Preparing For Your Upcoming Oral Surgery

Each year, people suffering from impacted wisdom teeth, in need of bone grafts, or interested in having dental implants find themselves visiting a dentist for oral surgery.   

Although the prospect of a prolonged dental visit causes many patients some anxiety, oral surgery is a relatively common procedure carried out by dentists – a 2013 study found that one dental hospital in Croatia performed more than 11,000 procedures in a single year.
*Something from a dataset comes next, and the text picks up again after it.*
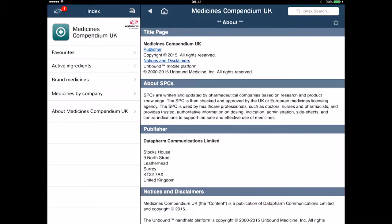The next app I'm going to show you is the Medicines Compendium app. It's £4.99 via Apple or via the Google Play Store, and I'm going to drill down and show you a bit more of what this app can do. This is Medicines Compendium UK, done by Unbound Medicine.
Most procedures that fall under the umbrella of oral surgery are simple and without great risk, and you should be on your way back home within a few hours of your arrival at the dentist's office.

However, you can increase your chances for rapid healing and problem-free recovery by taking the time to prepare for the procedure.

  1. Educate yourself about the procedure. No matter what type of surgery you need, you'll feel better about it if you learn what to expect beforehand. Ask the dentist to explain the basic steps involved in the procedure, review any literature he or she provides you with, and be sure to ask questions about anything you don't understand.
  2. Go shopping the day before the procedure. You'll want to ensure you have easy-to-eat foods (ice cream, yogurts, soups, etc.) in the house in case your mouth is sore. Additionally, be sure to have an over-the-counter pain killer, such as ibuprofen, on hand as well as cold-compresses to help ease any pain or swelling.
  3. Do not eat or drink anything after midnight of the night before the surgery. This will help ensure your stomach is empty during the procedure, which will make you less likely to vomit during the process. While this is not a common occurrence, it is quite serious and is to be avoided at all costs.
  4. Get a good night's rest before the procedure. Proper rest and a positive attitude are both crucial to the healing process, so it is wise to ensure you are feeling your best upon entering the dentist's office.
  5. Wear comfortable clothing. You'll be in the dentist's chair for a long time, and comfortable clothing will help ensure you remain relaxed during the procedure. Try to wear short sleeves if possible, as the dentist may need to place an intravenous-drip into the vein in your arm.  
  6. Have a friend or relative drive you. You'll be unable to drive after having a procedure, so you'll need someone to drive you home afterwards. Additionally, you may need to drop by the pharmacy to pick up medications, and your friend can help ensure this proceeds smoothly and that you arrive back home safe and sound.